Les activités de marché devraient «enregistrer de bonnes performances, notamment dans le crédit et le fixed income. L’évolution sera favorable par rapport au précédent trimestre, mais peu satisfaisante en revanche sur un an, le premier trimestre 2011 ayant été très bon», relève un analyste. «Bien que nous attendions de solides résultats au premier trimestre 2012, ces résultats pourraient ne pas atteindre les prévisions élevées des investisseurs», estime KBW, qui juge la base de comparaison difficile.

Cette bonne tenue des activités de marché «sera par ailleurs compensée par les activités de banque de détail et d’entreprise, où la demande de crédit est restée relativement atone», poursuit le premier analyste.

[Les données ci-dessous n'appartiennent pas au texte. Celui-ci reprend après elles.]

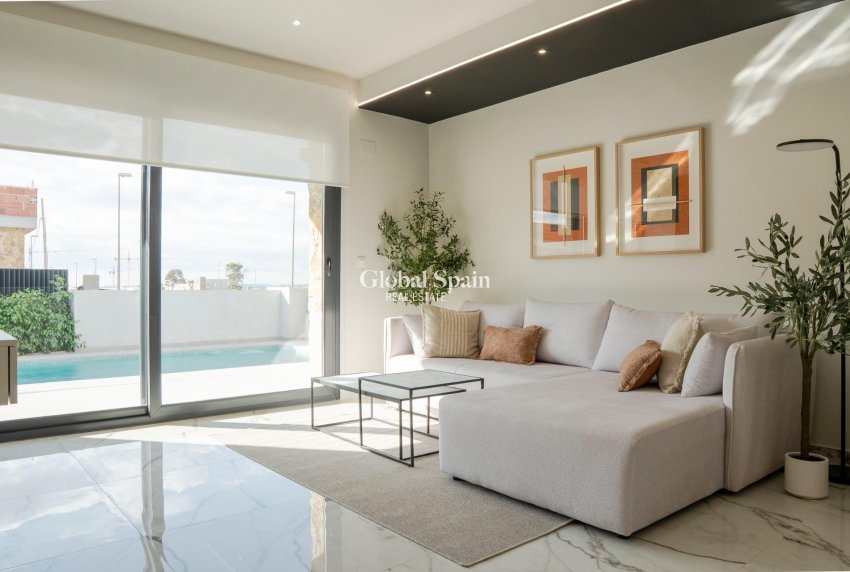 Neubau - VILLA -
CIUDAD QUESADA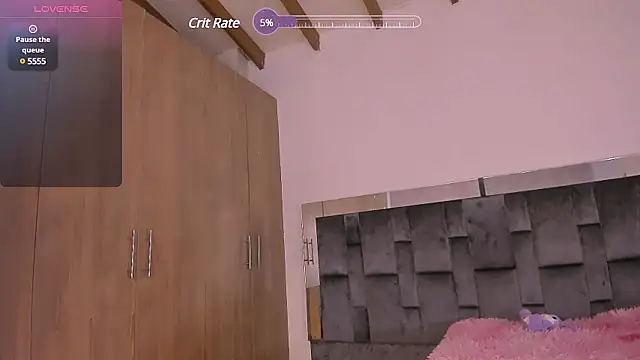 Snapshot of Nicol_ofi24 chatting on 03/08/25, 03:45 Nicol ofi24 online show from 03/08/25, 03:45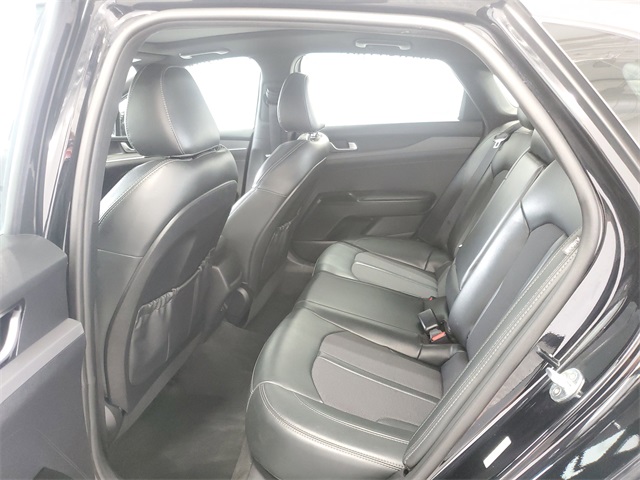 2022 Kia K5 GT-Line photo 24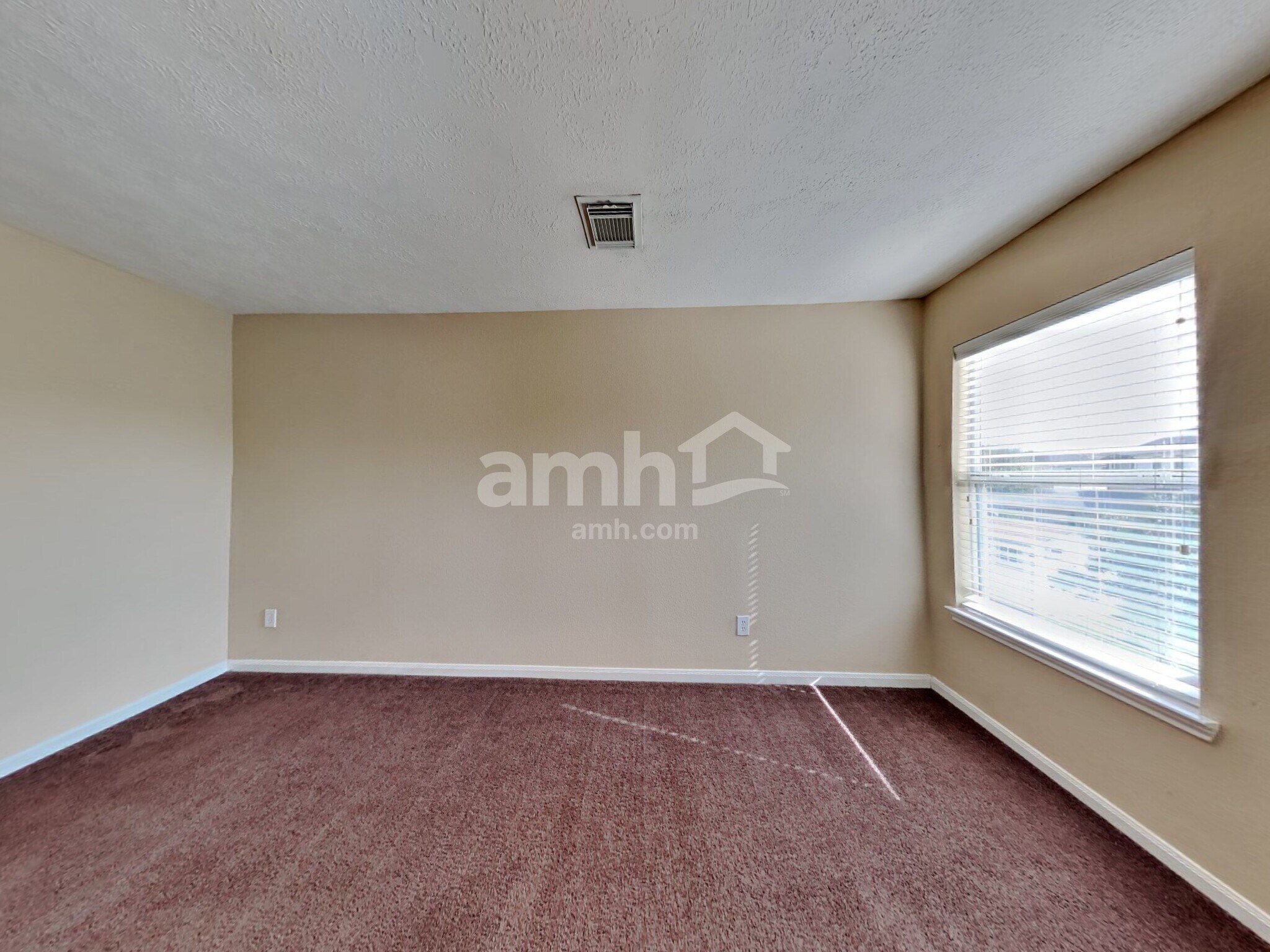 Building Photo - 18107 Shallow Leaf Ln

Les banques devraient néanmoins, pour la première fois en trois ans, enregistrer une croissance de leurs prêts, estime l’analyste d’Oppenheimer & Co.

JPMorgan Chase devrait dévoiler un produit net bancaire de 24,6 milliards de dollars (18,8 milliards d’euros), en recul de 5% sur un an, pour un bénéfice par action de 1,15 dollar, contre 1 dollar un an plus tôt, selon un consensus Reuters. Le bénéfice par action de Wells Fargo, dont l’activité hypothécaire devrait s’améliorer, est attendu à 72 cents contre 67 cents un an auparavant, pour des revenus stables à 20,4 milliards de dollars. Selon Macquarie, Wells Fargo devrait annoncer des résultats meilleurs que la moyenne du secteur, «en raison de fondamentaux solides».

Citigroup, attendu lundi prochain sur ses résultats, devrait voir son bénéfice par action stagner à 1 dollar, de même que ses revenus, à 19,6 milliards de dollars. Le bénéfice par action de Bank of America, qui publiera ses résultats le 19 avril, est estimé à 12 cents, contre 17 cents un an plus tôt, pour des revenus en recul de 15% à 22,8 milliards de dollars.

«Un élément commun à l’ensemble des banques est qu’elles devront passer des pertes sur dette propre, en raison de l’amélioration des spreads, qui a augmenté la valeur de la dette émise», souligne par ailleurs un analyste. Cet impact comptable pourrait affecter les résultats de Bank of America de 8 milliards de dollars, selon l’analyste de Wells Fargo.